I’ve seen a somewhat surprising amount of people say that they absolutely wouldn’t these days, which seems fairly security-through-obscurity. Would love to hear some different opinions on this, though.
You're correct that it's security through obscurity. IMO, it's an irrational fear.
Regarding the security aspect - don't put anything you know to be sensitive/insecure on the Internet in the first place.
You're not obligated to make it easy for someone to reverse-engineer/steal/clone your client code.
As it stands sourcemaps are pretty much useless for a wide range of issues that we have with them and attempts to fix them went nowhere.
Considering this wouldn't make much of a dent in the work needed to get tools like gdb/lldb to work with WebAssembly engines I don't think it's likely to be the best path forward for WASM.
It's not a waste if you can leverage what your teams existing knowledge instead of learning the quirks and tricks of make.
It's not a waste if you can use your existing tooling (editor plugins, debuggers, unit test frameworks...) to process your build files.

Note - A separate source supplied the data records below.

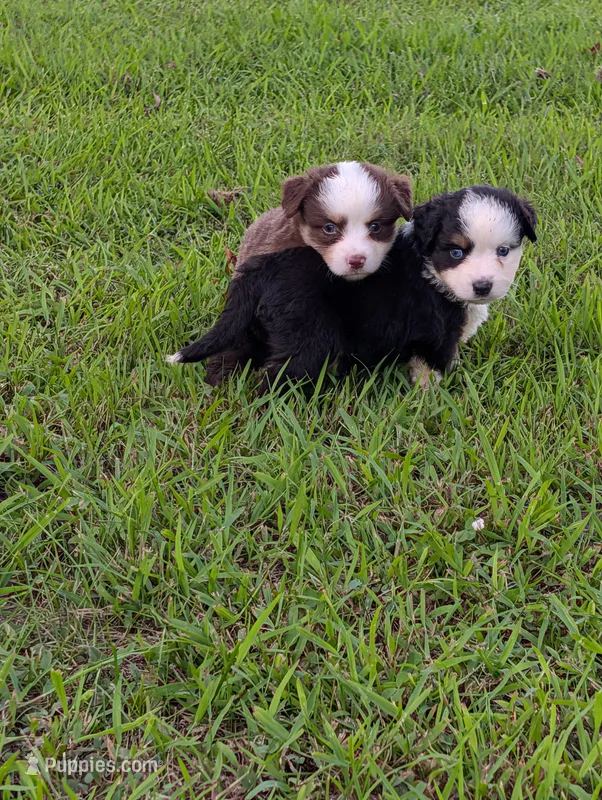 Paul BET full tail  – Miniature Australian Shepherd puppy for sale in Calamus, IA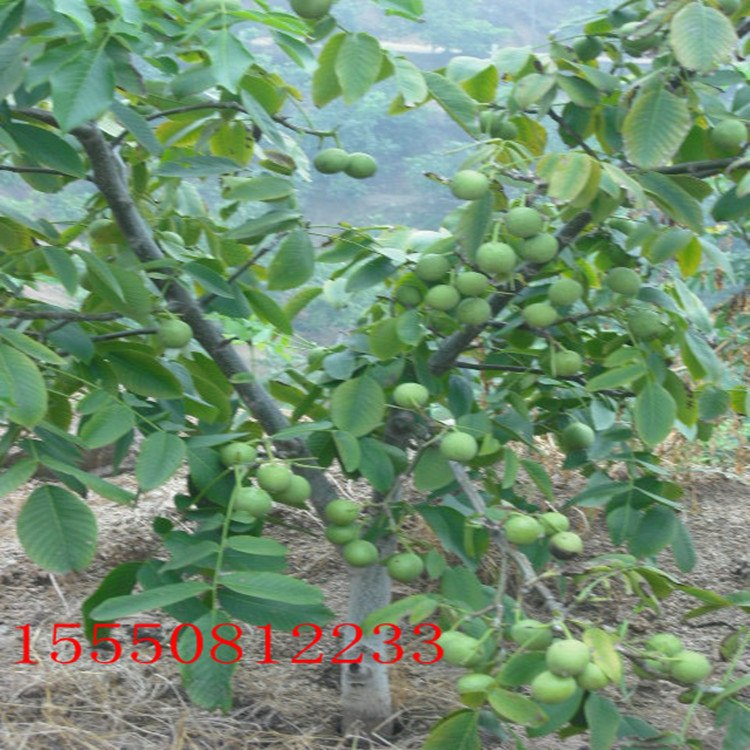 �޽Ӻ�������3���ּ޽Ӻ�������5���ּ޽Ӻ�����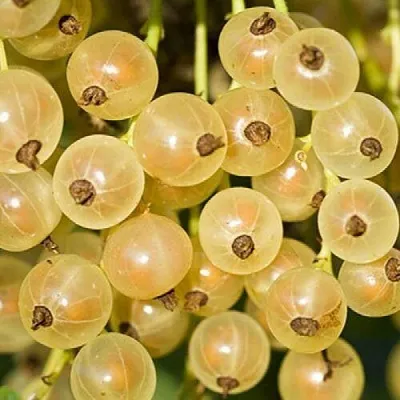 Смородина белая СМОЛЬЯНИНОВСКАЯ  Смородина белая СМОЛЬЯНИНОВСКАЯ в Астрахани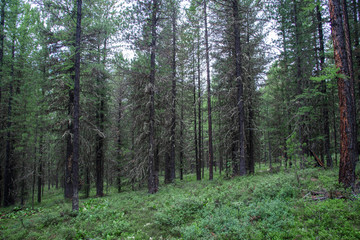 Taiga, forest in Russia at summer season, coniferous trees covered with moss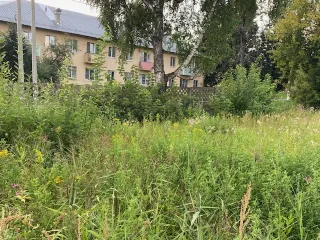Земельный участок 1500 м², Владимирская область, Петушинский район, г. Петушки, ул. Кирова. Кадастровый номер 33:13:010211:717, площадь 1 500 +/-13 м. кв. Местоположение установлено относительно ориентира, расположенного в границах участка. Почтовый адрес ориентира: Владимирская обл, район…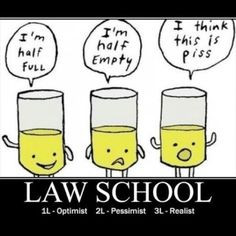 Law School Realities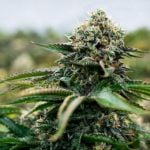 99 Problems Marijuana Strain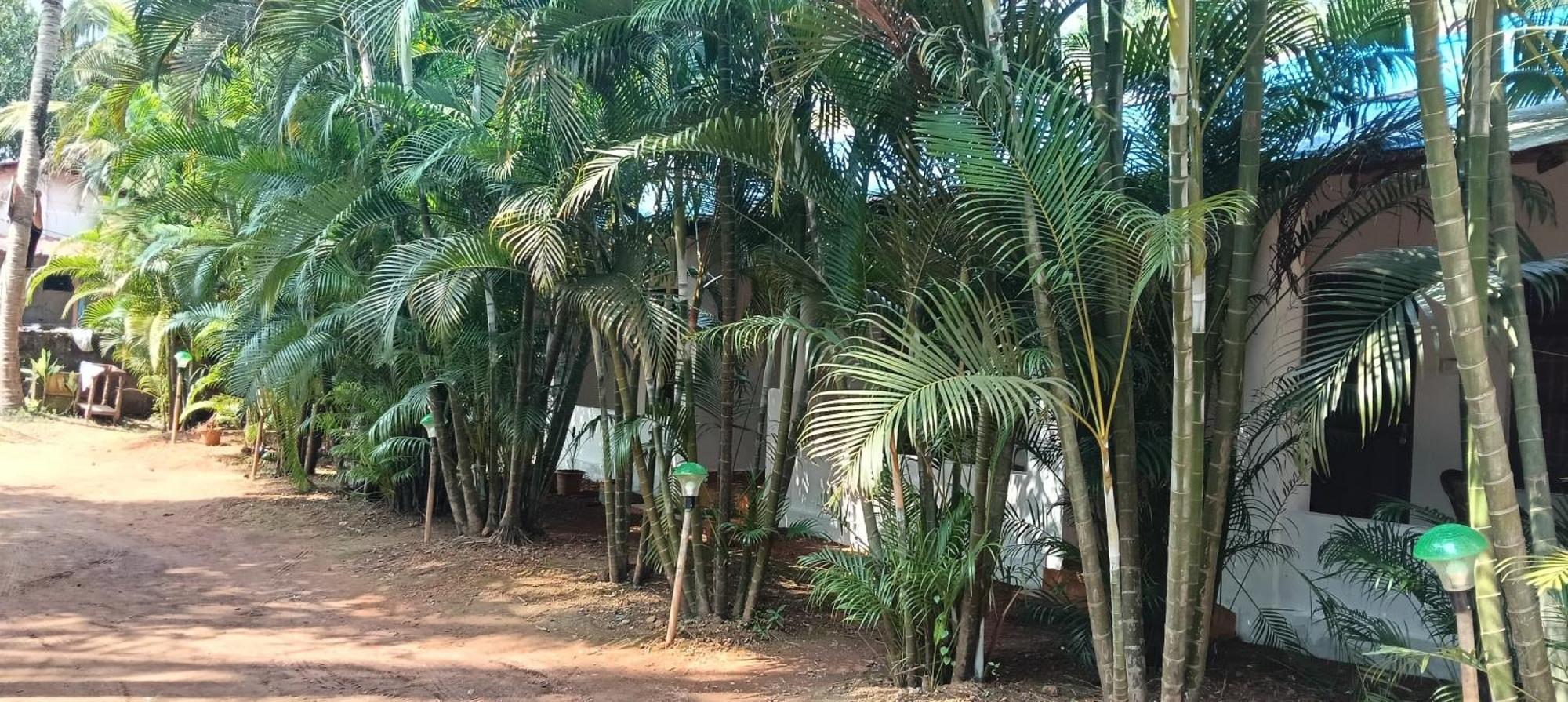 Casa Beach Hut Resort Palolem Exterior photo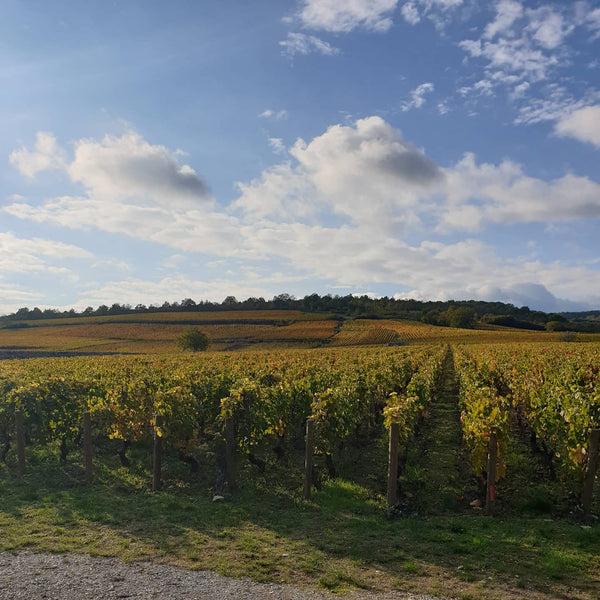 Domaine Desvignes - Givry - Rouge - 2023 - 0,75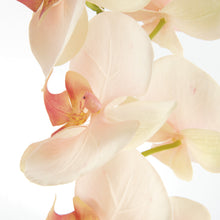 Load image into Gallery viewer, PHALAENOPSIS ORCHID STEMS 28" ST/4
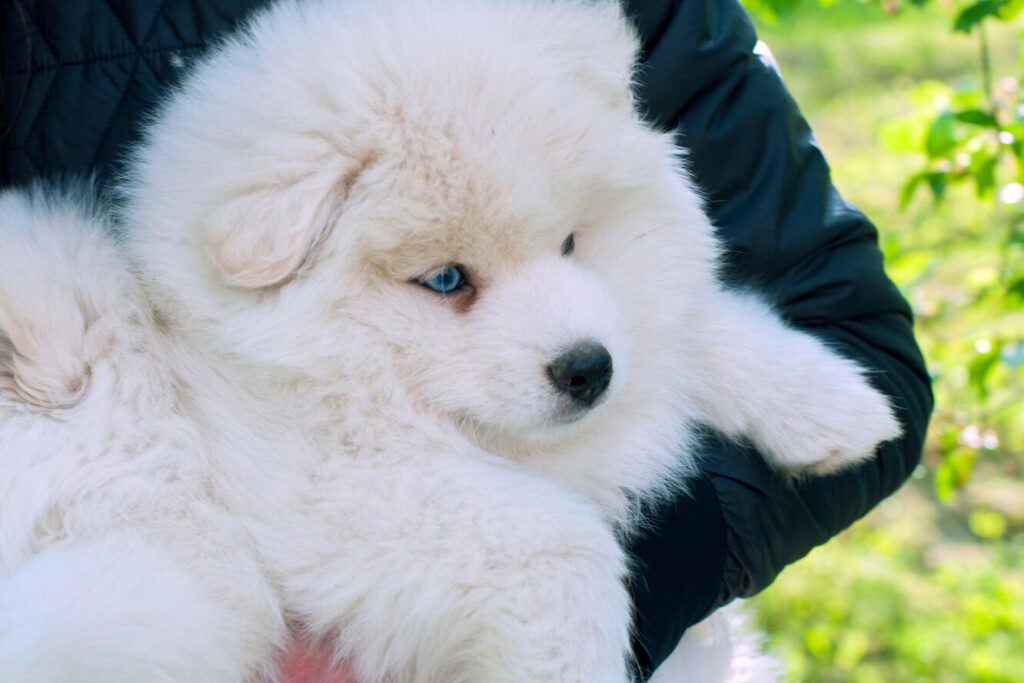 Мама хаскі, тато – померанський шпіц. 9 фактів, які треба знати про породу помську.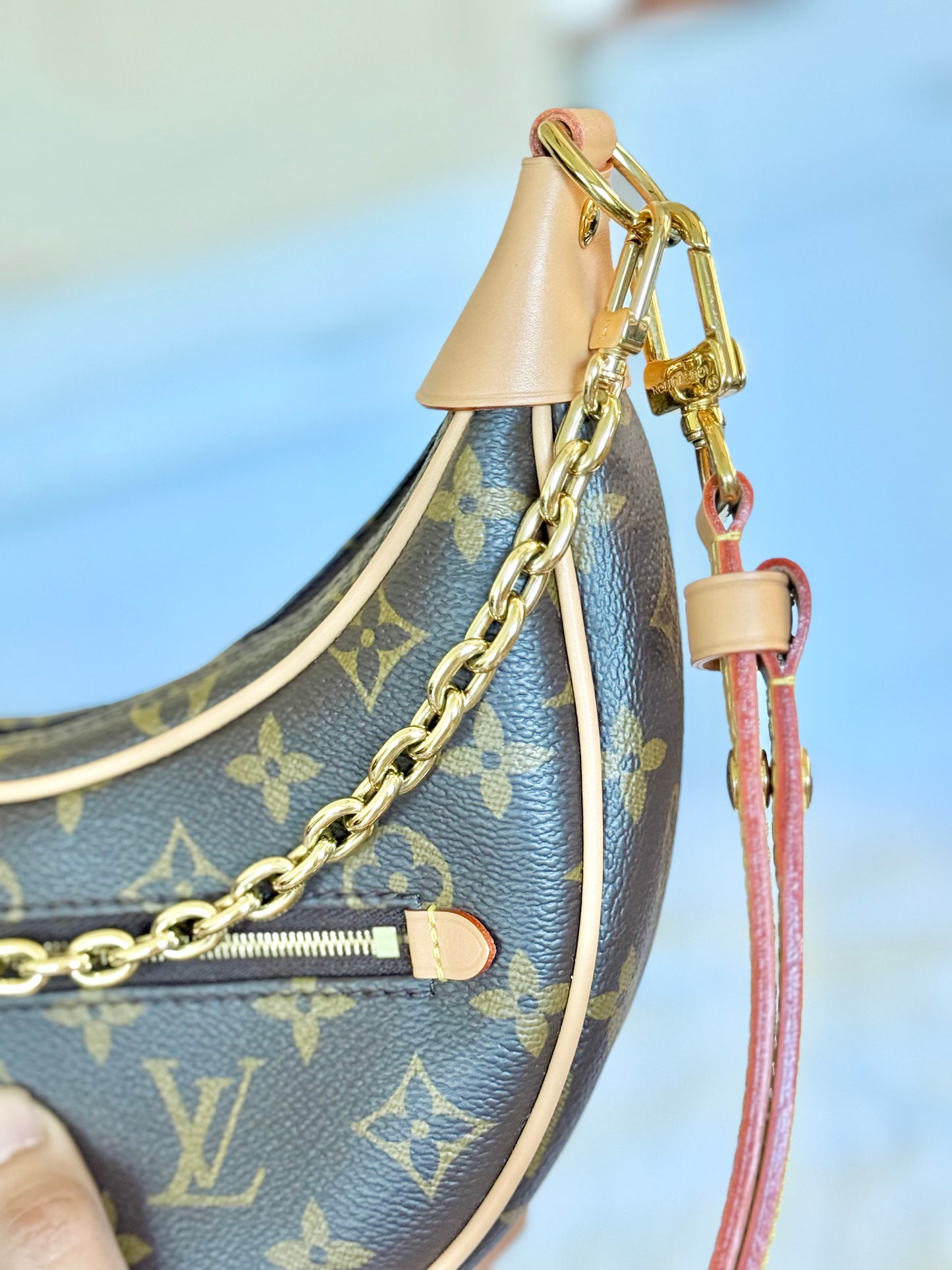 Louis Vuitton Loop PM Mono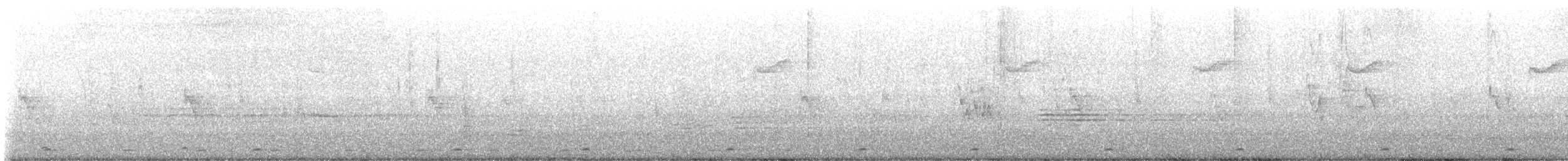 barbet zvučnohlasý - ML647120880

I don't see how your argument holds ground. If everyone used make, tooling would support it, and you wouldn't need to learn the "quirks and tricks" of a dozen other systems.
The problem with make is that it's not portable, since it needs to call system specific binaries, like rm(1) vs del. There's also the BSD vs GNU divide.
Other than that, a newfangled tool like gulp doesn't even have a clean one liner for copying one file to a different location with a different name. It's absurd.
Compare to: cp srcfile destloc/destfile
Edit: In addition, the above gulp command reports success even if the file doesn't exist. If you want to check that, you need to import another library and expand the command with another pipe.
However CSS source maps are of a great help for less/sass.
* Some pages - specifically real-time apps - need lots of JS bloat. I get and accept that. Happily I don't need to make any of those beasts.
I can't really see a case where that is a bad thing, particularly when you have source maps to get you back to the original source code, anyway. Your stance just seems very naive.
I'm not sure how we got to the point where something that worked without minification on year 2000 networks no longer works without per-processing on year 2017 networks.
You can't run C without building it, so you have to do some kind of compilation. I've certainly known people to argue for e.g. including debug symbols even in the build you ship to customers - the savings from stripping them aren't worth the added complexity and difficulty of debugging.
They are not the same any more than a 6 line python script is the same as Django
A few examples are available, but you can also drag in your own files to view those.
What is the advantage of the source map?